Eks Ketua Majelis Ulama Indonesia (MUI) Din Syamsuddin meminta pemerintah untuk tidak banyak berdalih dalam menangani konflik di Pulau Rempang, Kepulauan Riau. Menurutnya, sikap pemerintah yang mengatakan konflik tersebut hanya soal miskomunikasi merupakan dalih atau alasan semata.
“Pemerintah seyogyanya tidak berdalih bahwa itu hanyalah miskomunikasi di bawah, padahal itu sejatinya adalah malpraktek kekuasaan yang lalim dan tidak adil,” kata Din Syamsuddin melalui keterangan tertulis pada Sabtu, 16 September 2023.
Sebelumnya, Presiden Joko Widodo mengatakan bahwa konflik yang terjadi di Rempang hanya soal komunikasi. Dia juga berujar bahwa urusan demikian semestinya tidak harus sampai ditangani oleh presiden.
Dalih tersebut, menurut Din Syamsuddin, merupakan pernyataan yang angkuh dalam menghadapi konflik dengan rakyat di Pulau Rempang. Dia pun menyoroti kebijakan pemerintah dan pendekatan kepolisian yang dinilainya sebagai malpraktik kekuasaan.
“Kebijakan pemerintah di Riau dan cara brutal Polri terhadap rakyat yang mempertahankan tanah kelahirannya merupakan tindakan diskriminatif dan represif,” ucap Din Syamsuddin. Menurutnya, pendekatan tersebut hanya mementingkan penguasa, tapi membuat rakyat menderita.

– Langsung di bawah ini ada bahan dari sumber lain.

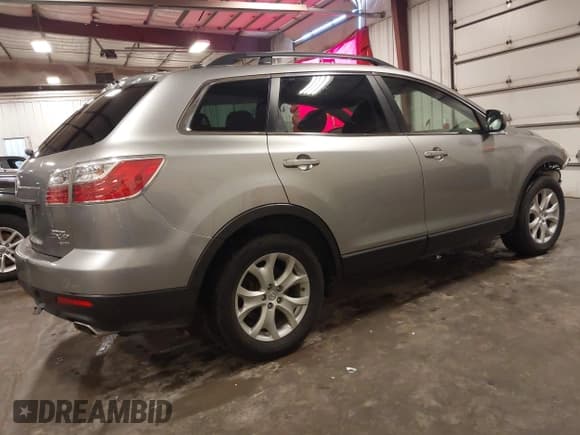 ✅ 2012 Mazda CX-9 Touring • VIN: JM3TB3CV3C0350685 • Lot: 42714426. Listed on IAAI with 145,873 mi. Free auction sales archive from the USA and detailed vehicle history report at DreamBid. Image 4.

Hal ini, dia beranggapan, sudah bertentangan dengan jiwa Pembukaan Undang-Undang Dasar (UUD) 1945 dan amanat sila kelima Pancasila. “Bahwa pemerintah harus melindungi segenap rakyat dan seluruh tanah tumpah darah Indonesia, juga tidak melaksanakan amanat mewujudkan keadilan sosial bagi seluruh rakyat Indonesia,” tulis Din Syamsuddin.
Lebih lanjut, dia juga menyoroti peran pengusaha Tomy Winata yang keterlibatannya dalam investasi Rempang Eco City disebut menjadi salah satu awal mula konflik tersebut. Pengusaha ini, kata Din Syamsuddin, harus segara menyadari bahwa langkahnya selama ini salah dan akan berhadapan dengan kekuatan rakyat.
Oleh karena itu, Din Syamsuddin menyerukan agar proyek pembangunan di Pulau Rempang segara dihentikan. “Seperti seruan PP Muhammadiyah dan PBNU (Pengurus Besar Nahdlatul Ulama), investasi asing di Pulau Batam selayaknya dihentikan,” kata pria yang juga mantan ketua umum PP Muhammadiyah periode 2005-2015 ini.